Bell entered the Ph.D. program at MIT while working at MIT’s Lincoln Laboratory, but he left in 1960 without his degree to join Digital Equipment Corporation (DEC) as the company’s second engineer. He joined the faculty of Carnegie Mellon University in 1966, where he developed the Unibus, a single bus for connecting CPU, memory, and peripherals. He also co-authored a foundational textbook on computer architecture, Computer Structures: Readings and Examples (1971), with Allen Newell.

In 1972, Bell returned to DEC full-time as the company’s VP of engineering, where he led the development of the VAX, a 32-bit computer featuring virtual memory. The VAX eventually scaled from small “microvax” systems to the VAX 9000, a large mainframe-like system. (Bill Strecker, one of Bell’s Ph.D. students at CMU, designed the VAX architecture.) DEC was sold to Compaq Computer Corporation (now HP) in 1998, which continued to sell VAX products until 2000.

In 1979, the Bells, together with DEC co-founder Ken Olsen, established the Digital Computer Museum in Marlborough, MA. The Museum moved to Boston in 1984, becoming The Computer Museum. In 1996, with an infusion of capital from entrepreneur Len Shustek, the museum moved to Mountain View, CA, finally becoming the Computer History Museum in 1999.

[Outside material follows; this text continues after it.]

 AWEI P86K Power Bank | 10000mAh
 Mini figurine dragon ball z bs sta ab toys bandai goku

Bell left DEC again in 1983 after a heart attack. Recovered, he co-founded three supercomputer startups: Encore Computer (1983), Ardent (1986), and Stardent (1989). He also was the founding assistant director of the National Science Foundation’s Computing and Information Science and Engineering (CISE) Directorate from 1986 to 1987.

Next, Bell moved to California, dabbled in investing, and convinced Microsoft to create Microsoft Research (MSR) in 1991. He joined the company’s Silicon Valley Lab in 1995, where he worked on MyLifeBits, a passion project to record and make every piece of information he encountered retrievable.

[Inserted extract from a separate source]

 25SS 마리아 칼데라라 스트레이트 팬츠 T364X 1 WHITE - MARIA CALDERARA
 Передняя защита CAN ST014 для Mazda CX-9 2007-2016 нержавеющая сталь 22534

Gordon Bell was awarded the ACM-IEEE CS Eckert-Mauchly Award in 1982. President George H.W. Bush awarded Bell the National Medal of Technology in 1991, “For his continuing intellectual and industrial achievements in the field of computer design; and for his leading role in establishing cost-effective, powerful computers which serve as a significant tool for engineering, science, and industry.”

Bell was a member of the National Academy of Engineering and the National Academy of Science. He became an ACM Fellow in 1994, “For his contributions to the formation of the minicomputer as embodied in the PDP-5 and PDP-8; the architecture and implementation of the first commercial, interactive time-sharing computer; his pioneering work in the field of hardware descriptive language.” He also received the IEEE John von Neumann Medal and was a fellow of the AAAS, the IEEE, and the Computer History Museum.

    • Karp, A. What price multiplicity. Communications (Feb. 1986) p. 87; https://dl.acm.org/doi/10.1145/5657.315564
    • Bell, G., Bailey, D.H., Dongarra, J., Karp, A.H., and Walsh, K. A look back on 30 years of the Gordon Bell Prize. Int. J. High Perform. Comput. Appl. 31, 6 (11 2017), 469–484; https://doi.org/10.1177/1094342017738610
    • Oral History of Gordon Bell. Computer History Museum (June 23, 2005); Reference number X3202.2006.